Paul Gray, Lecturer in Film at Edinburgh Napier University, approached Scottish Adoption in 2015 with a film idea sparked by his family’s own experience of adoption. From past contact with the society, he knew they were interested in engaging its clients in innovative ways, and wanted to know if a film might work for their purposes. He remembers: “We recognised there was a similar dynamic in the ways we write scripts, and their caseworkers put together adoption profiles and cases.” Work began in earnest after the project won funding from a Scottish Funding Council Innovation Voucher.

Mr Gray created the characters and suggested potential storylines, while Scottish Adoption helped to inform the accuracy of the scenarios and arranged meetings with adoptive and birth parents, and a group of adopted teenagers.
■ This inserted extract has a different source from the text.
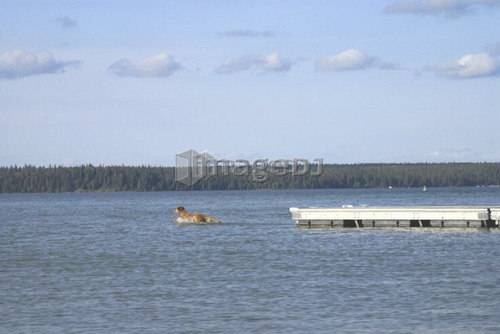 Dog going of dock after stick, Clear Lake, Canada, Manitoba, Riding Mountain National Park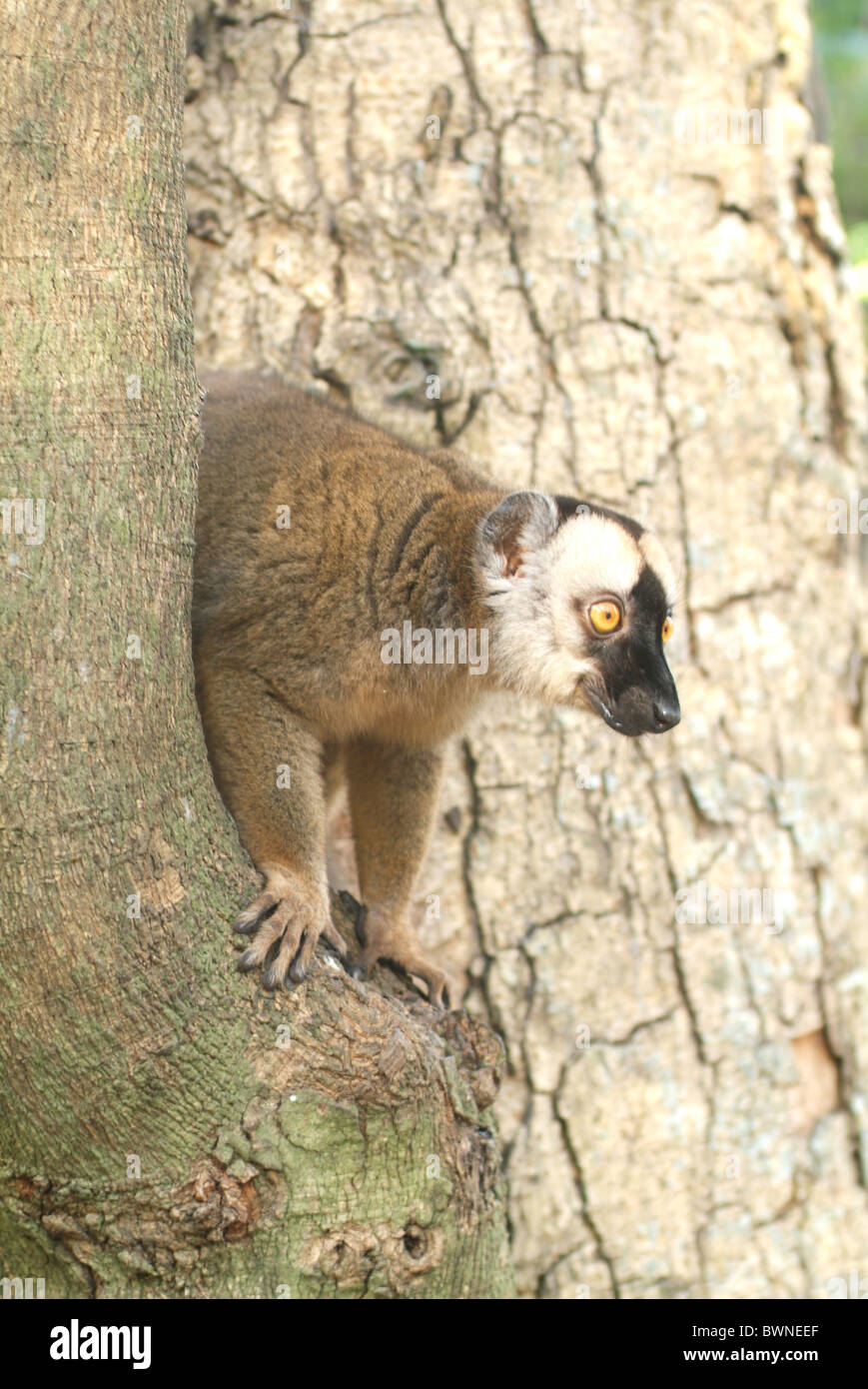 Mayotte Maki lemure marrone il Eulemur fulvus mayottensis Francia Europa Oltremare collettività Oceano Indiano Comore ho Foto Stock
A film, ‘And Violet’ took shape, centring on the story of an adopted girl who accidentally bumps into her birth mother on a day out, in an encounter that sets off a series of reactions from everyone involved, including the girl’s adoptive mother. 

Anonymised details

Mr Gray remembers: “The teenage group influenced a lot of the detail of Violet’s character and story, such as suggesting that events took place around her 16th birthday.” Actress Hana McKenzie, who was cast as Violet, improvised video diaries in character using anonymised details of the teenagers’ own stories, which when shown to them generated more insight and realism from their reactions

The film premiered in 2017 to an invited audience of adoption & fostering, film and education communities, and public screenings took place during that year’s Adoption Week Scotland. Adoption Today magazine described it as ‘required viewing for anyone whose life, professional or personal, is touched by adoption’. ‘And Violet’ won both the Best Dramatic Feature Award & Special Jury Award for Best Performance at the Arizona International Film Festival in 2017. Scottish Adoption continues to use the film to create greater awareness of what contemporary ‘open’ adoption practices involve for all parties, while the fictional ‘Form E’ (adoption form) created for the film is used in the society’s training materials. .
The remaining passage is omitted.